# Activity
Would you retype the listing below word for word, without any of its pictures?

# Material provided
• • • •

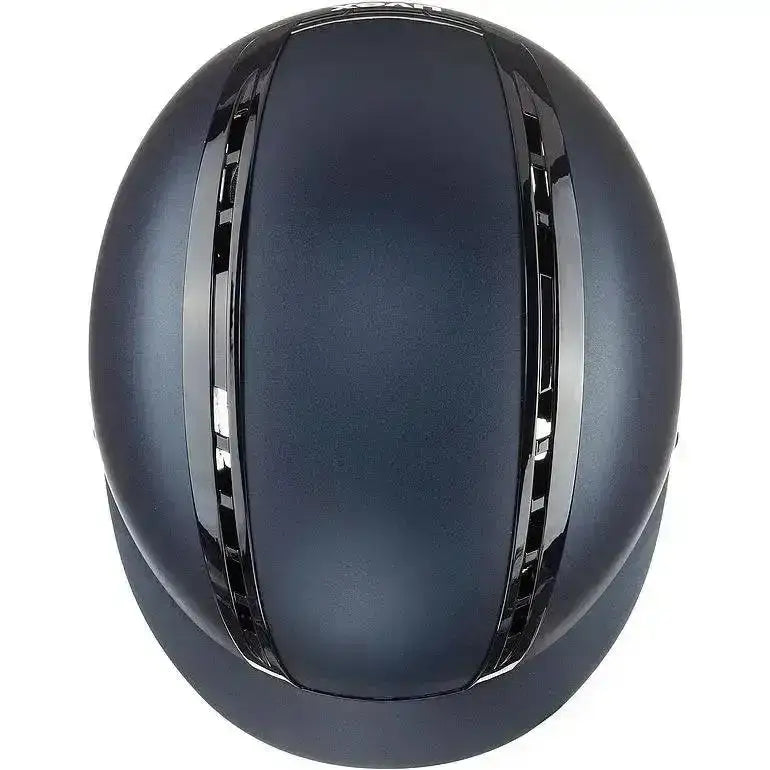 Matte black uvex suxxeed active riding hat with glossy chrome ventilation strips for active riding protection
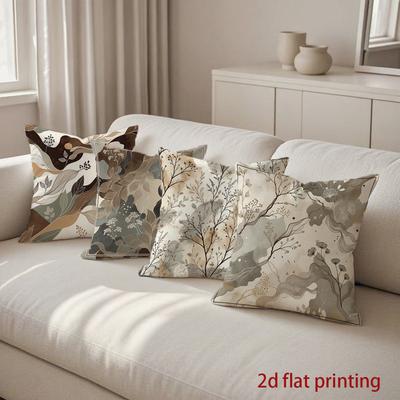 2D Floral & Abstract Pattern Decorative Pillow Covers Pattern Cushion Cover Suitable For Sofa Bedroom Car Pillow Cover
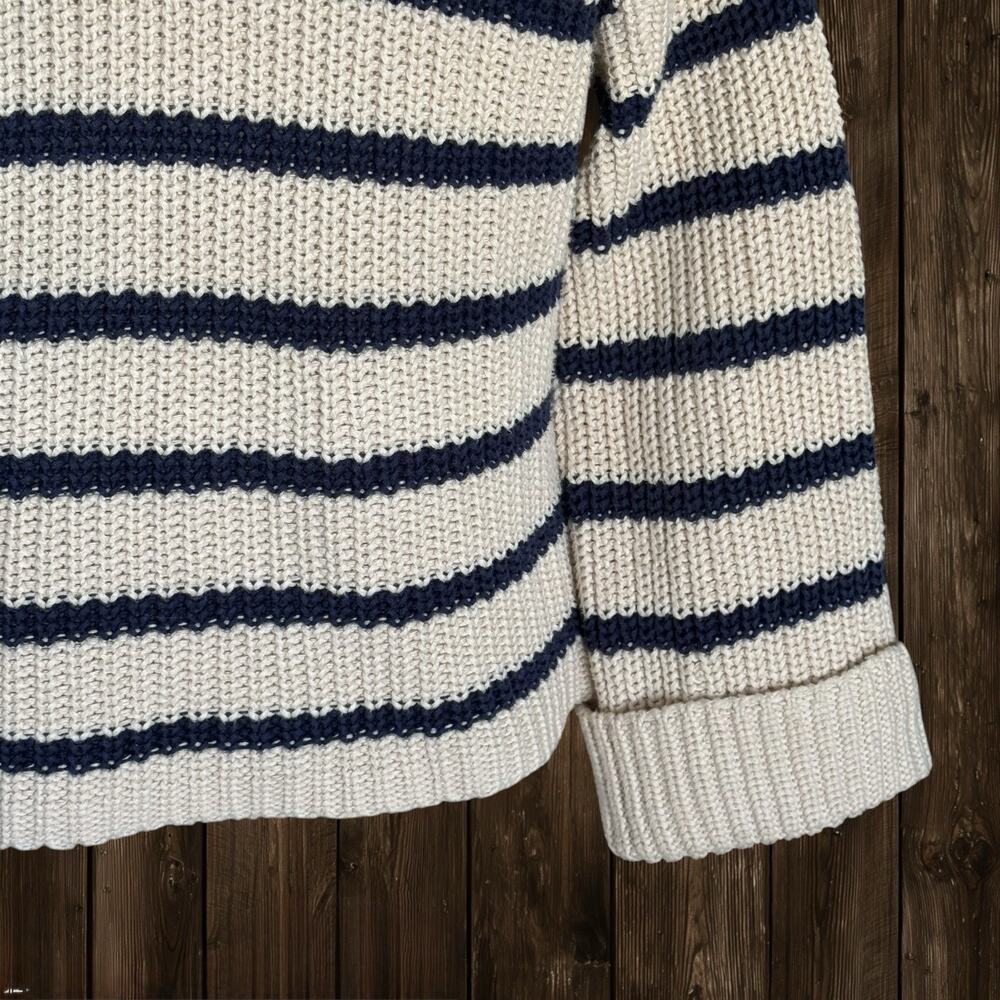 525 America Sweater Striped Cropped‎ Oversize 43" Bust XS 100% Cotton Cream Navy - Picture 5 of 10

• • • •

# Exercise output
 Matte black uvex suxxeed active riding hat with glossy chrome ventilation strips for active riding protection
 2D Floral & Abstract Pattern Decorative Pillow Covers Pattern Cushion Cover Suitable For Sofa Bedroom Car Pillow Cover
 525 America Sweater Striped Cropped‎ Oversize 43" Bust XS 100% Cotton Cream Navy - Picture 5 of 10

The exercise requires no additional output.